◆ **What to work on**
Restate verbatim the span of lines below between the line with "2019 Hyundai Sonata Hybrid Limited" and the line with "Toyota C-Hr Icon", including those two lines, and only that span.

===== Records for the task =====

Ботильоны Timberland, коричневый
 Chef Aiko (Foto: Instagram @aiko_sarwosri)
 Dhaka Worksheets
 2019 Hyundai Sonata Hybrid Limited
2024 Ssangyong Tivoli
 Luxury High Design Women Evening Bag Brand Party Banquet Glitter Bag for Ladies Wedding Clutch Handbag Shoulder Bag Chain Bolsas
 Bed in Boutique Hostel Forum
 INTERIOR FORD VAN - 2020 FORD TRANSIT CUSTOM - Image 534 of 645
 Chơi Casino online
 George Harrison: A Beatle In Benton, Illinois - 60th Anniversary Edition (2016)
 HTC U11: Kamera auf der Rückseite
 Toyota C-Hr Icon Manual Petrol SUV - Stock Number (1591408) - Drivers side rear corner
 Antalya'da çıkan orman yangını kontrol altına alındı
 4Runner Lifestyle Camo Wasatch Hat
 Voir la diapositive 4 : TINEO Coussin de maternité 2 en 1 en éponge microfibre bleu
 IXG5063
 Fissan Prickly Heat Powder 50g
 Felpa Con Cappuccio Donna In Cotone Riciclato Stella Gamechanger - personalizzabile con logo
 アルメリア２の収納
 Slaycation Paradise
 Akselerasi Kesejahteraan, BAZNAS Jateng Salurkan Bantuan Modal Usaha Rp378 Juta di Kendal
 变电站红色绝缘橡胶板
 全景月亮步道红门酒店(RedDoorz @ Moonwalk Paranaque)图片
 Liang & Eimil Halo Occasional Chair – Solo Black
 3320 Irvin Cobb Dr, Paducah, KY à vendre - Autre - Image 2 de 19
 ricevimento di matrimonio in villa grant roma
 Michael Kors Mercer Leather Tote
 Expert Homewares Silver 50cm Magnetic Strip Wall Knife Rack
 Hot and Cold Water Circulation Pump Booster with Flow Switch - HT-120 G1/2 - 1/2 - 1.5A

=====

◆ **Response box**
 2019 Hyundai Sonata Hybrid Limited
2024 Ssangyong Tivoli
 Luxury High Design Women Evening Bag Brand Party Banquet Glitter Bag for Ladies Wedding Clutch Handbag Shoulder Bag Chain Bolsas
 Bed in Boutique Hostel Forum
 INTERIOR FORD VAN - 2020 FORD TRANSIT CUSTOM - Image 534 of 645
 Chơi Casino online
 George Harrison: A Beatle In Benton, Illinois - 60th Anniversary Edition (2016)
 HTC U11: Kamera auf der Rückseite
 Toyota C-Hr Icon Manual Petrol SUV - Stock Number (1591408) - Drivers side rear corner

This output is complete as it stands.